Repair of DNA double strand breaks (DSBs) must be properly orchestrated within the diverse nuclear chromatin regions in order to maintain genome stability. The choice between the two main DSB repair pathways: non-homologous end joining (NHEJ) and homologous recombination (HR), is dictated by the cell cycle as well as chromatin context. Constitutive heterochromatin, which forms a dense, generally transcriptionally silent structure near centromeres and telomeres, is essential for maintaining genome stability and is enriched for repetitive DNA sequences. The compact nature of this chromatin structure and the presence of many repetitive sequences make heterochromatin potentially vulnerable to erroneous DSB repair.

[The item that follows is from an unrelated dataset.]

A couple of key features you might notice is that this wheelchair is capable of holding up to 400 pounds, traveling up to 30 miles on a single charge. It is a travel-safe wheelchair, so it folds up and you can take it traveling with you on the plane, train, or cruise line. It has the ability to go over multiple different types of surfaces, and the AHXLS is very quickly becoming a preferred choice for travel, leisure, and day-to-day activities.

Several studies have revealed that heterochromatic regions display specialized temporal and spatial responses to DNA damage that differ from repair in euchromatin. Irradiation (IR)-induced damage has been shown to result in relaxation of the heterochromatin domain and relocalization of resected DSBs to outside the heterochromatin domain, where HR is thought to be the main mode of repair.

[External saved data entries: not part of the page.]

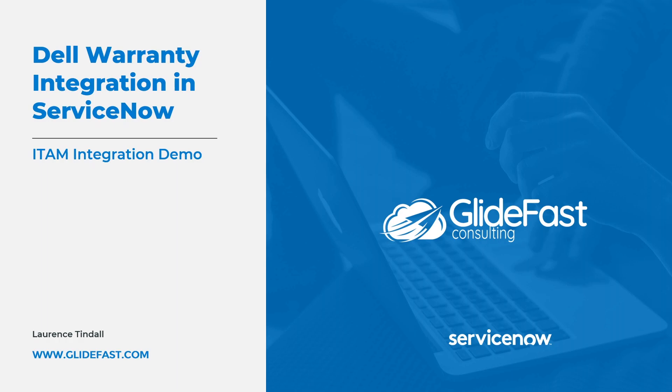I'm Lawrence Tindall here at Glidefast Consulting and in today's ServiceNow demo I'm excited to show you the Dell warranty integration that we've built here at Glidefast.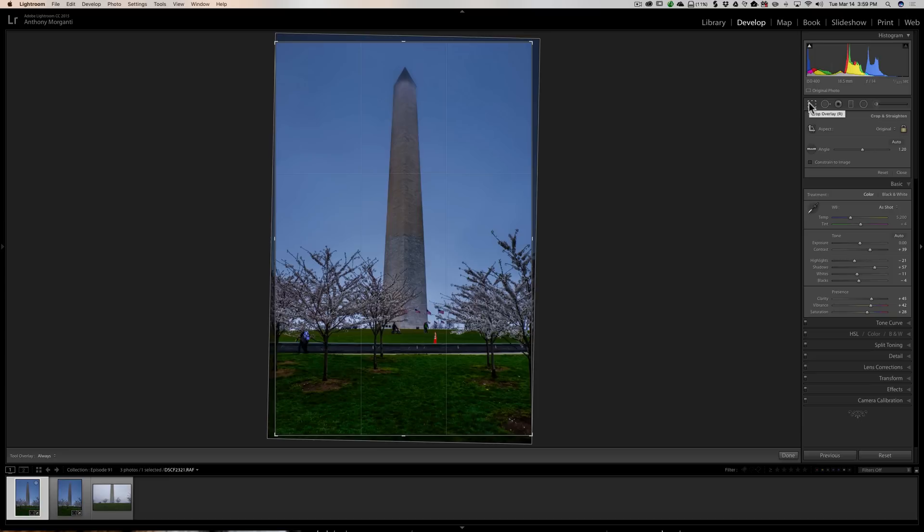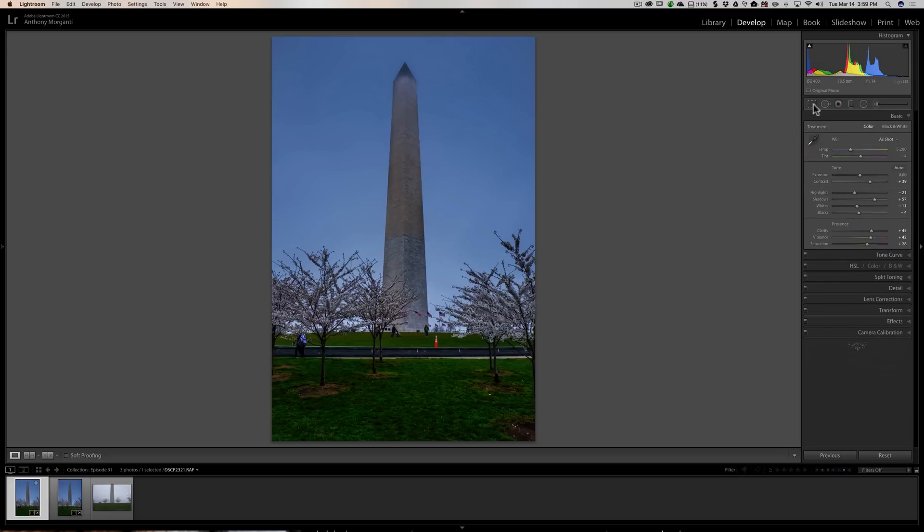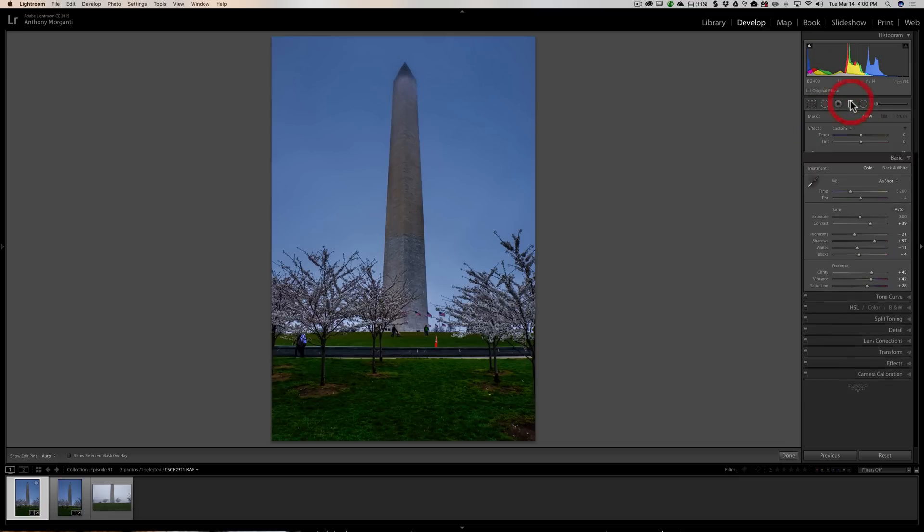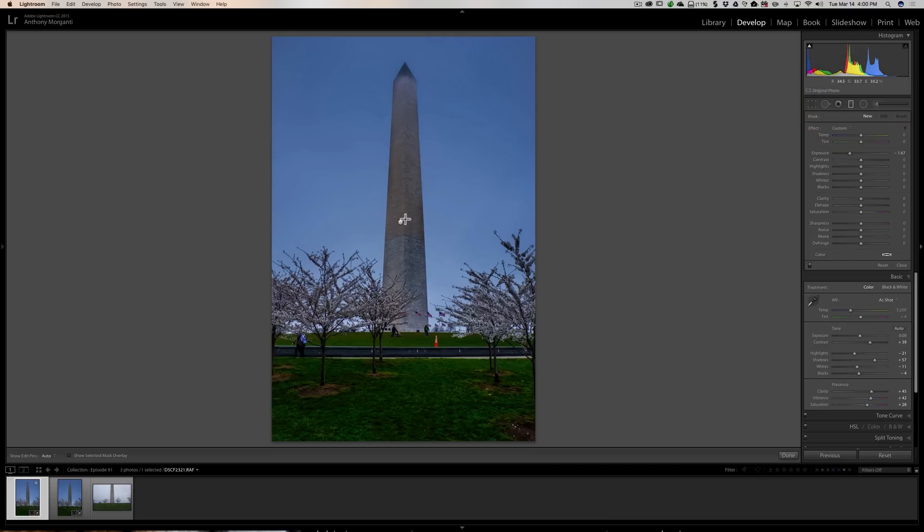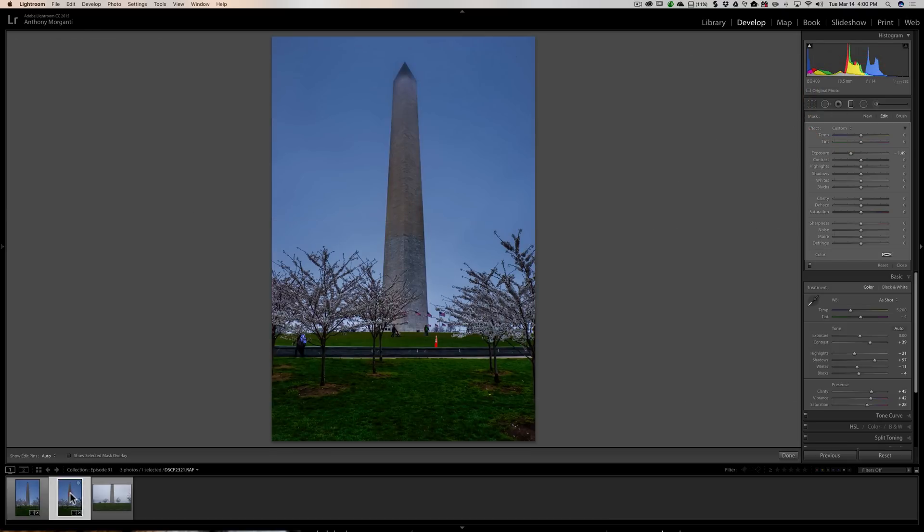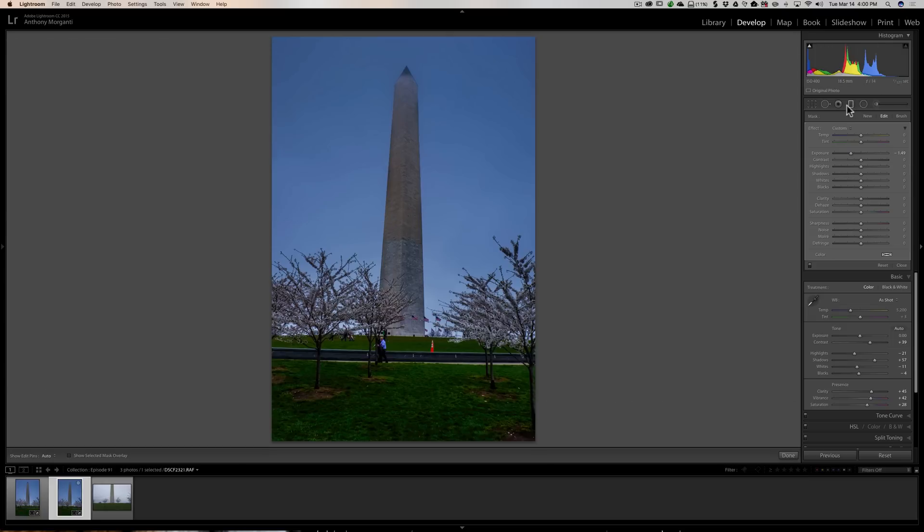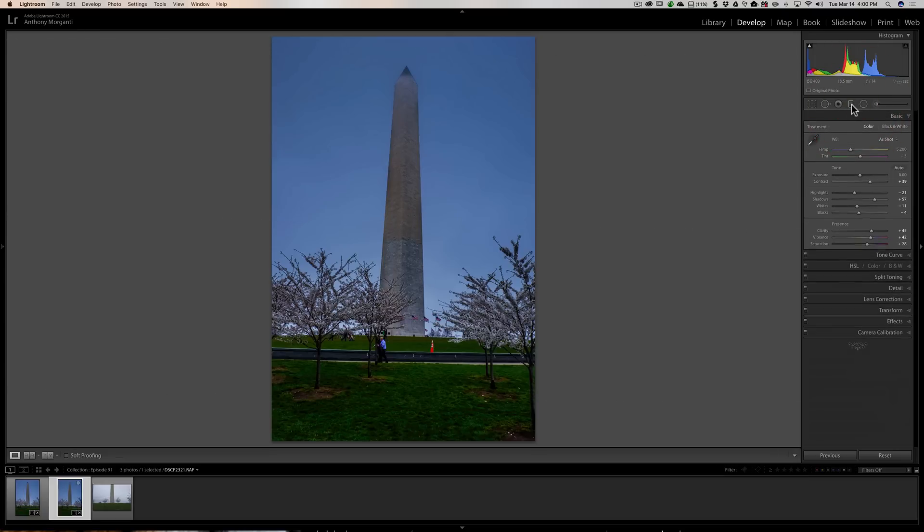That is a shortcoming of this method. It copies everything. It will copy any straightening you did, any cropping, and any of the tools: the spot removal tool, the red eye removal tool, the gradient, the radial filter, and the brush. You may notice that the tip of the Washington Monument is dark. That's because I put a gradient on this image. On the next image, it copied that gradient as well.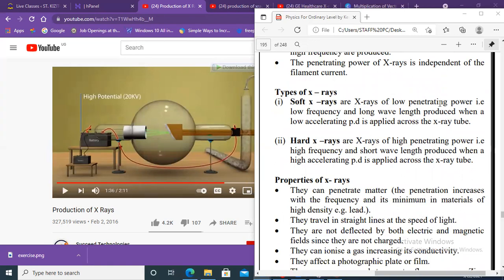Soft X-rays are X-rays of low penetrating power, low frequency, and long wavelength, produced when a low accelerating potential difference is applied to the X-ray tube. Those are the soft X-rays: low penetrating power, low frequency, and long wavelength.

Here, we have developed an in vivo single DSB system specifically targeted to heterochromatic as well as euchromatic loci. We find, using live imaging of larval discs, that single DSBs can recapitulate the heterochromatin-specific spatial and temporal DSB dynamics previously seen with IR-induced breaks in cell culture.
Importantly, we identify a prominent role for both the NHEJ and HR pathways in heterochromatic DSB repair and find that the homologous chromosome can be used as a template for HR repair in both eu- and heterochromatin.
These data suggest that, although DSBs in heterochromatin and euchromatin are subject to diverse spatiotemporal dynamics, repair pathway choice is ultimately highly similar in these two distinct chromatin regions.